La respuesta militar rusa fue un acto precipitado y descarado, que con razón ha sido condenado por las potencias extranjeras, pero la próxima Administración de EE UU debe aprender que los países pueden jugar políticas arriesgadas con los amigos, además de con los adversarios. Las autoridades estadounidenses advirtieron a Tbilisi de los peligros de usar la fuerza militar, pero aún así Saakashvili endureció su retórica y aprovechó los anuncios occidentales de que la consolidación de la democracia y la entrada de Georgia en la OTAN estaban garantizadas. Una serie de mensajes poco claros de EE UU contribuyeron a que el Gobierno georgiano tuviera la sensación de que una guerra rápida y exitosa contaría con la aprobación de Washington.

Recientes informaciones procedentes del Cáucaso cuestionan la versión georgiana del origen de la guerra. Una investigación realizada por dos veteranos reporteros de The New York Times desveló que los bombardeos de zonas civiles en Tsjinvali, la capital de Osetia del Sur, comenzaron mucho antes de lo que las autoridades de Tbilisi afirman. Además, Amnistía Internacional ha denunciado que ninguno de los dos bandos protegió adecuadamente a los civiles.

Es cierto que estos supuestos ataques del Ejército de Georgia palidecen en comparación con la limpieza étnica sistemática perpetrada por las milicias de Osetia del Sur en las aldeas georgianas, pero estas recientes informaciones difieren notablemente de lo publicado inicialmente por los medios de comunicación occidentales, que se basaron en la versión de Tbilisi.

Por desgracia, quienes en Washington apoyaron ciegamente a Saakashvili adolecen de la misma mentalidad simplista que contribuyó a provocar la guerra.

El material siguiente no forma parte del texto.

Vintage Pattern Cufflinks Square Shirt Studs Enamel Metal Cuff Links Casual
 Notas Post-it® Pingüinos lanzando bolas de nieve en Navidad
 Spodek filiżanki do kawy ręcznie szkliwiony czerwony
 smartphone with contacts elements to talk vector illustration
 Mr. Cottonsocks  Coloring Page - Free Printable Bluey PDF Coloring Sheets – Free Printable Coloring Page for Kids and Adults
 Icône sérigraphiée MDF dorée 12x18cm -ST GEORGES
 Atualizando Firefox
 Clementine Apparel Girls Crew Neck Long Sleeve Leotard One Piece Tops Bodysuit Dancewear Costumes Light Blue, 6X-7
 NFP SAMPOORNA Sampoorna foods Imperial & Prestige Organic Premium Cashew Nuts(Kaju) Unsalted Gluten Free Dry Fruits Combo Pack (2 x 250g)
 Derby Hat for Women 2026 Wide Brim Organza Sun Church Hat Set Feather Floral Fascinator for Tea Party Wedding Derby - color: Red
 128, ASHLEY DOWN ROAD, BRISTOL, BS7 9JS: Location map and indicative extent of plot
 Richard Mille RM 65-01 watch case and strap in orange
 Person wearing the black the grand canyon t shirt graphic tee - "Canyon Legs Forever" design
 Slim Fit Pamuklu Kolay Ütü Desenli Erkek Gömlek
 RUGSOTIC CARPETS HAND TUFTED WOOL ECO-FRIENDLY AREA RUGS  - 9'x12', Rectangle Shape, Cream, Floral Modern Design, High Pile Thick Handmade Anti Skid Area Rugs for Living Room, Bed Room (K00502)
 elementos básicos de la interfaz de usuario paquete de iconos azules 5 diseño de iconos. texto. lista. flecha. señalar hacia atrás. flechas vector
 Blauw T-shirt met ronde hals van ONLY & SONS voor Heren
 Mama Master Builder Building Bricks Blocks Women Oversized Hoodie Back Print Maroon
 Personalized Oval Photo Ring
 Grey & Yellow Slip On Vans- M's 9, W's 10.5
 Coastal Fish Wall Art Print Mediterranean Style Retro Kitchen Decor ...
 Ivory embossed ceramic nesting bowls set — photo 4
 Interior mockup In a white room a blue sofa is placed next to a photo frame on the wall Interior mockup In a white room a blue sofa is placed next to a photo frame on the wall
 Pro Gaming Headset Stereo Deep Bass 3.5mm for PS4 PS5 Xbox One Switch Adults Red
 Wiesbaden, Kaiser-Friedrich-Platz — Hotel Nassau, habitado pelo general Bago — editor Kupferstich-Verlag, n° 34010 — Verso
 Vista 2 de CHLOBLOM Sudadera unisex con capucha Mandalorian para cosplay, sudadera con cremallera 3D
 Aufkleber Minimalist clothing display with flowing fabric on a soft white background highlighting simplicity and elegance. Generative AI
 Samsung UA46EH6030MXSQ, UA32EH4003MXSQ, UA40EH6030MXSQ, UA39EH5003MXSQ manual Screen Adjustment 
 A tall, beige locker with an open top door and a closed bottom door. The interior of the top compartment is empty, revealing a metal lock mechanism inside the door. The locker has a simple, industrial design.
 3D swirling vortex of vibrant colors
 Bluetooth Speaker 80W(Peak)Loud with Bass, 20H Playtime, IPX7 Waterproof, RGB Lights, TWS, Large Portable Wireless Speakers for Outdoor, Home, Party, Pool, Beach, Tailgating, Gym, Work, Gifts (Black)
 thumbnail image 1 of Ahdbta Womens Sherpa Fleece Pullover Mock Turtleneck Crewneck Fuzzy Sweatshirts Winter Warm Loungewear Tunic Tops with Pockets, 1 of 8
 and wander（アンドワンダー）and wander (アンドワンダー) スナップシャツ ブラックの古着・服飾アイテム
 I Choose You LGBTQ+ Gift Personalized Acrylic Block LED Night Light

Piensan en los intereses de Georgia únicamente en el contexto de las perversas tácticas rusas en el tablero estratégico eurasiático. Hasta los mismos ciudadanos ven las cosas con muchos más matices.

Las encuestas realizadas recientemente por el Instituto Republicano Internacional muestran que el número de georgianos que piensan que el país avanza en la dirección correcta es mayor que antes de la guerra. Pero cuando se les preguntó cuál es su principal miedo, sólo el 8% menciona un “ataque de Rusia”. En cambio, el 48% dijo que lo que más teme es que se reanuden las hostilidades. Además, la posibilidad de ingresar en la UE o en la OTAN, aún siendo una preocupación destacable, les importa menos que la creación de puestos de trabajo. Así que, para el ciudadano de a pie, Rusia no es ni el agresor evidente ni la gran amenaza que los extranjeros hacen que parezca.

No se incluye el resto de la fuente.